Comin’ On Home

she walks
painting on wool flannel
________________________

I find myself using this image I created from so long ago more than any other.

Why?

Well- it gives me a visceral experience of courage, the great unknown, the Big Mystery, hope and the sense of: “What the hell else is there to do, Cath, but move forward?”

I am uninterested in drama and the forthcoming laundry list of recent life ‘opportunities’ is an attempt to fill in THE VERY BIG BLANK I left you all with on this blog:

* move out of long-time beloved home and into rental until new apartment opens up (thinking 2 weeks).
* rental place is very inaccessible, dirty, depressing and dark.
* after over 1 month I must find new place to live as tenants returning to rental.
* move again to hotel w/ cooking facilities
* stay there another month
* FINALLY apartment is ready!!!!
* move in and love it.
* washer and bath flood apartment 3x. Construction company puts me up at Holiday Inn while my floors are jackhammered.
* stay 6 days
* FINALLY I am given the go-ahead to move back home.
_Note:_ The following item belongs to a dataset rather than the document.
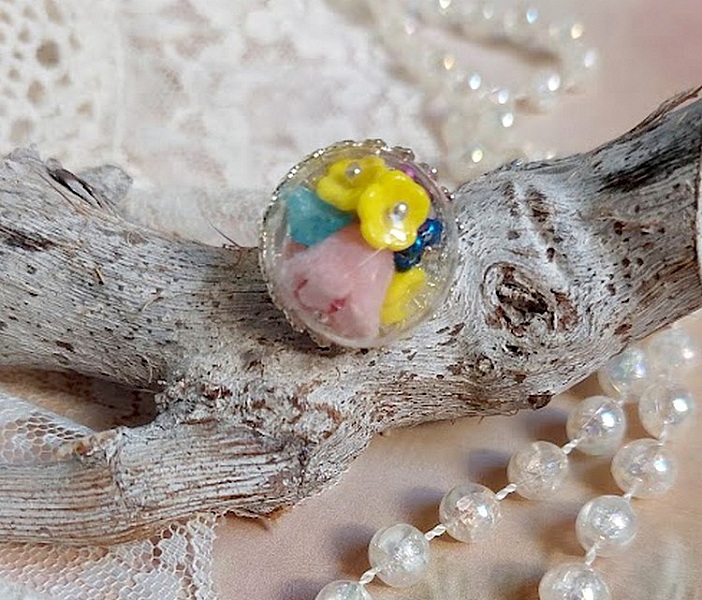 Bague Boule de Cristal mont&eacute;e avec fleurs en forme de cloche verre,  velours floqu&eacute; avec bague laiton et d&ocirc;me en verre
And here I sit at my own computer writing to you from my lovely though not as yet fully unpacked, HOME.

Now- for an able-bodied person these challenges would be just that- challenges. For someone in my position with challenged abilities they border on deadly as stress wreaks havoc and fatigue curtails the necessary tasks of living (like eating and exercising and grooming). Yes- I was a dirty girl at times..

I lost weight. I lost functionality. I couldn’t access creativity.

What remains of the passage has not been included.